▶ **TASK**
Retype each entry below exactly. Do not carry any image over.

══ RECORDS FOR THIS EXERCISE

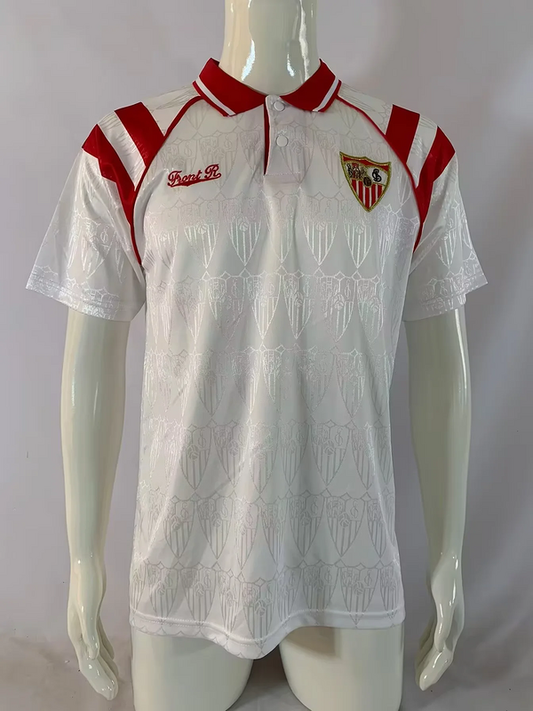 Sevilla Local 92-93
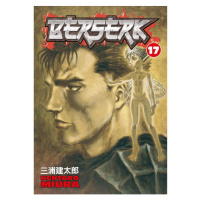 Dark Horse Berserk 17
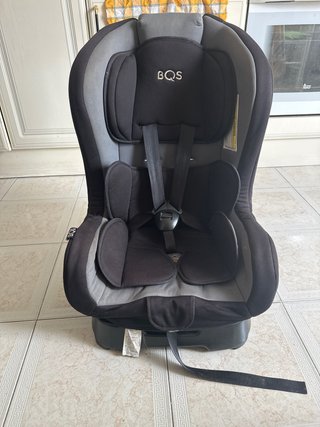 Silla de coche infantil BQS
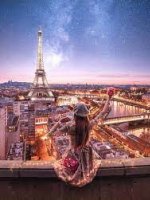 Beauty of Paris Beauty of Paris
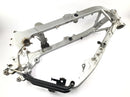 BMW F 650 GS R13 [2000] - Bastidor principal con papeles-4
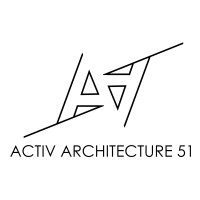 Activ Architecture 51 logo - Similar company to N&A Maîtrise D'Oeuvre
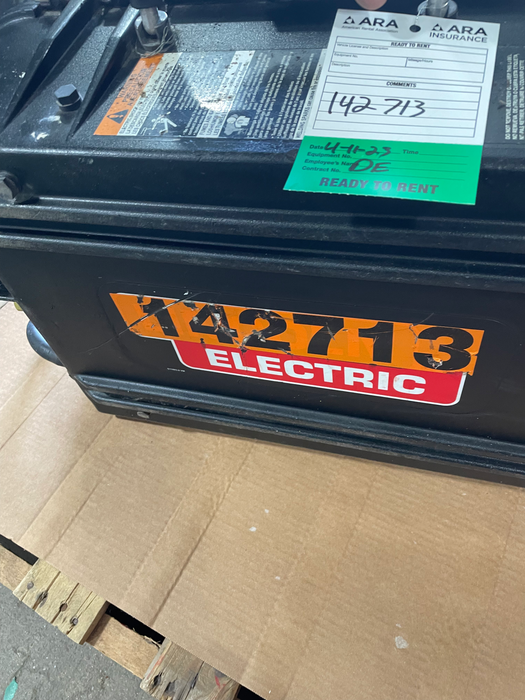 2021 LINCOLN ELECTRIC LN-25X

════

▶ **EXPECTED ANSWER**
 Sevilla Local 92-93
 Dark Horse Berserk 17
 Silla de coche infantil BQS
 Beauty of Paris Beauty of Paris
 BMW F 650 GS R13 [2000] - Bastidor principal con papeles-4
 Activ Architecture 51 logo - Similar company to N&A Maîtrise D'Oeuvre
 2021 LINCOLN ELECTRIC LN-25X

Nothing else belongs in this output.